The Housing Chronicles Blog: Vulture investors returning to the existing home market

Thursday, July 3, 2008

Vulture investors returning to the existing home market

First it was funds going after distressed land assets, now the second phase has begun, which targets the existing home market. The housing vulture investors have returned, but this could help provide a pricing floor to the market that so far Congress has been unable to address. From a CNNMoney.com story:

Rock-bottom home prices have finally begun to lure vulture real estate investors into the fray... Peter Zalewski, founder of Florida-based Condo Vultures, LLC, which specializes in bulk purchases of condo properties, is finding very deep discounts for his clients. In one deal he recently negotiated in Tampa, a developer's lender agreed to sell 149 units for $12 million - a 43% discount to the outstanding $21 million loan... ...buyers like Jeff Ball, president of Austin, Texas-base Econohomes, purchase packages of bank-owned homes from lenders and resell them after little if any rehab. He buys five to 50 houses at a time, sight unseen. Often, the homes come with encumbrances, like back taxes, water bills or other liens that can add up to tens of thousands. Still, he comes out ahead...
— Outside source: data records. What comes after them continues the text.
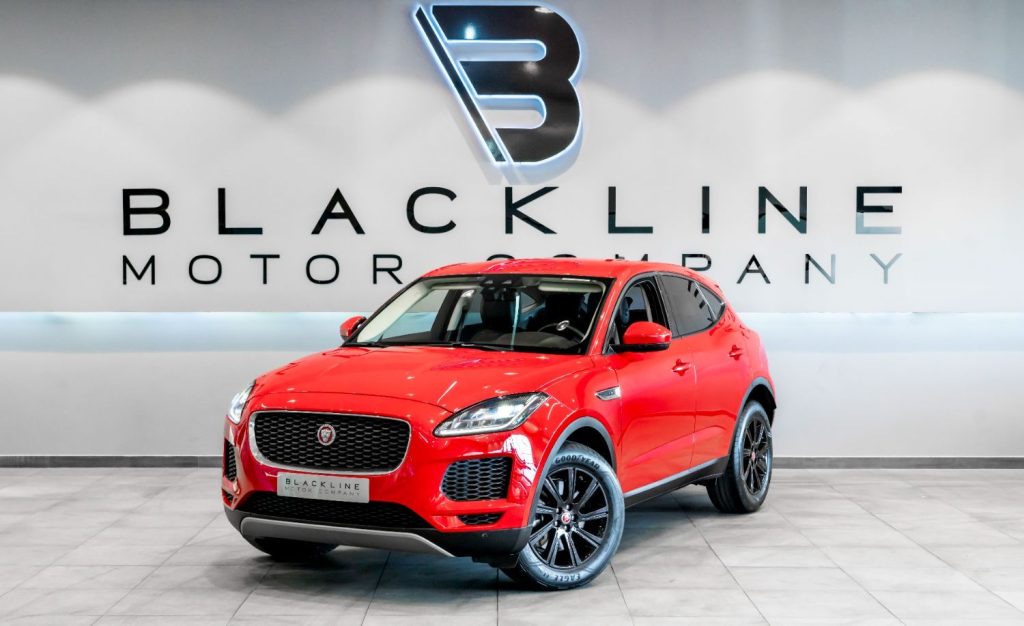 2020 Jaguar E-Pace S P200 — sold by Blackline Motor Company, Dubai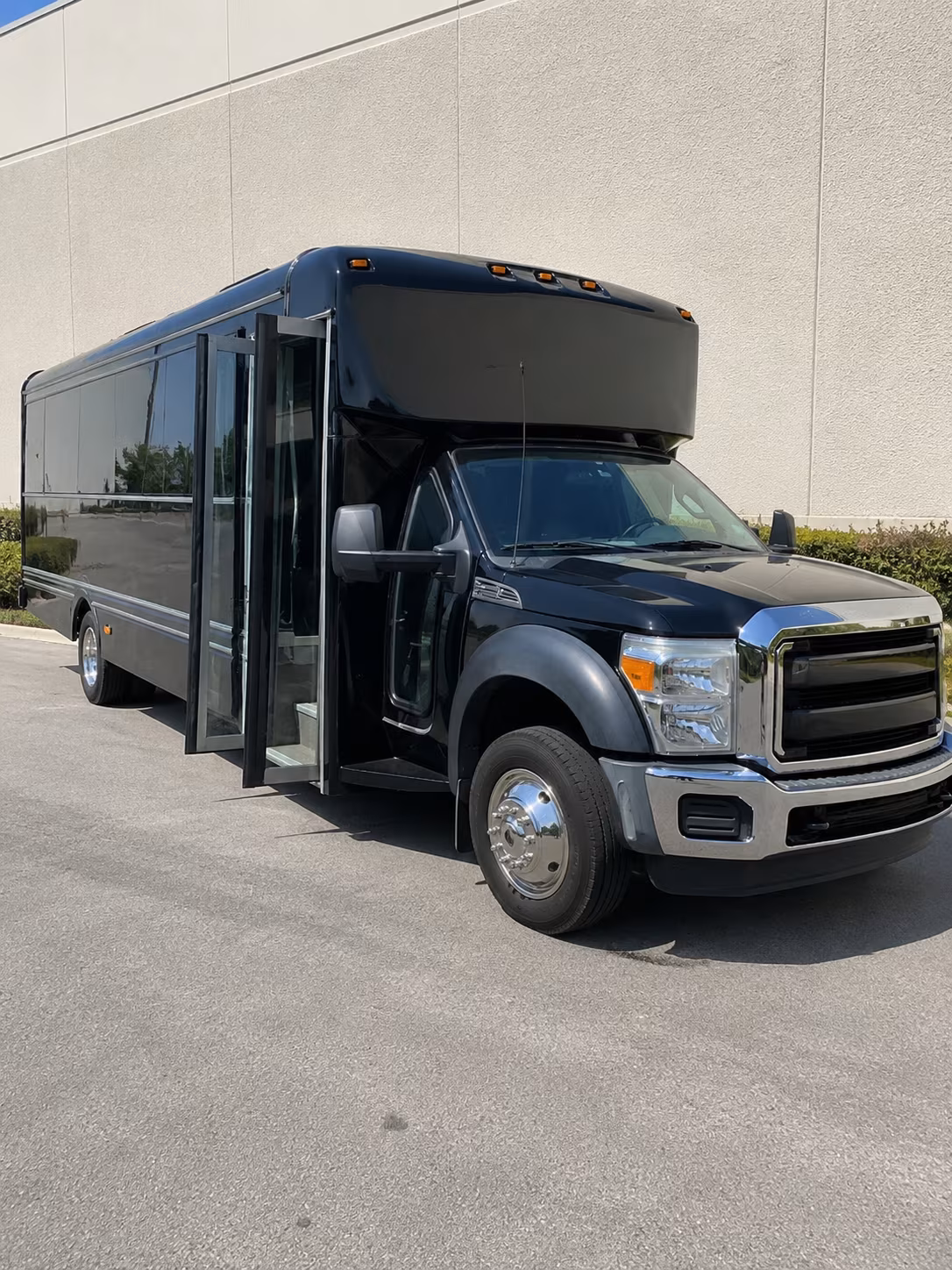 Edinburg Party Bus Rental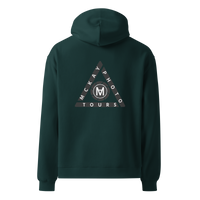 Unisex Oversized Hoodie - w/ Triangle Logo Printed (Various Colors)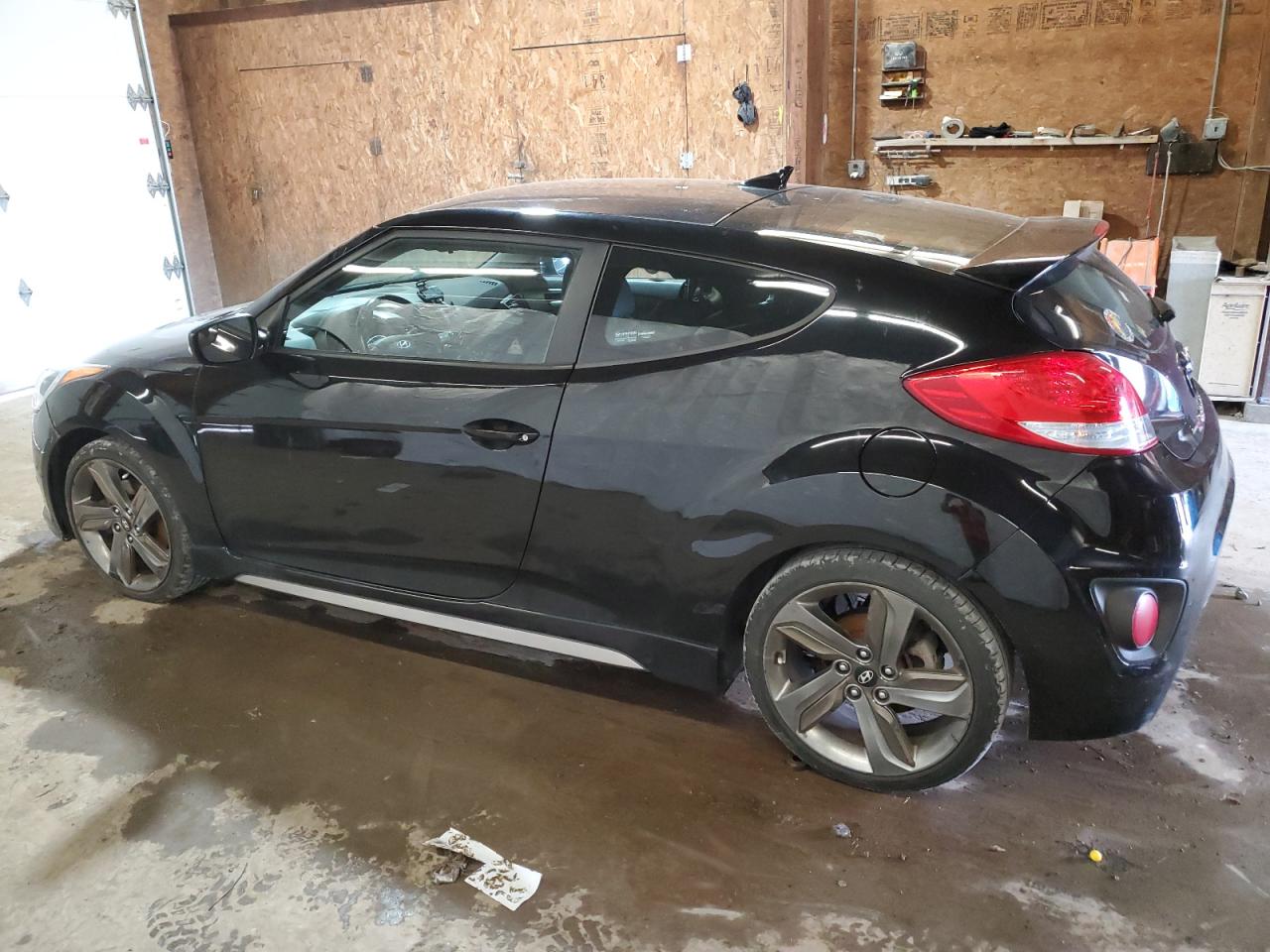 KMHTC6AE5FU226436 2015 Hyundai Veloster Turbo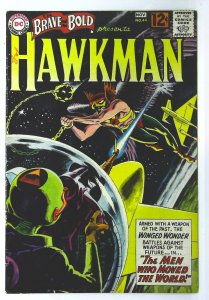 Brave and the Bold (1955 series) #44, Fine (Actual scan)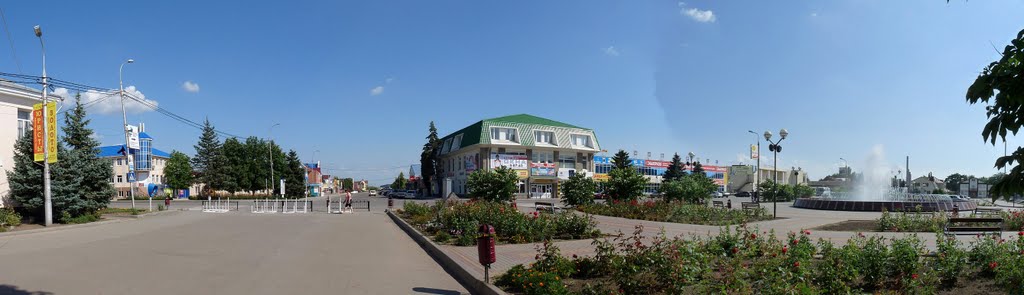 Кущёвская - центр - Июль 2011, Кущевская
His business has been criticized; usually city officials would prefer the homes be renovated before they're resold. But Ball said the money spent doing that would make the business unprofitable; nobody would buy at the prices he would have to charge. They would sit vacant and become havens for squatters, looters and drug dealers.

"The most significant thing is to stabilize the situation," Ball said. "Get people back in the house." The new owners move in and start taking care of the properties, according to Ball. If that starts to happen in large numbers, these communities may spring back to life....

Despite these bargains, many big investors who buy in bulk have been slow to start shopping, according to Jack McCabe, a Florida real estate consultant. They're after even deeper discounts, and prices are indeed projected to keep falling in the next year - by double digits in parts of California and Florida.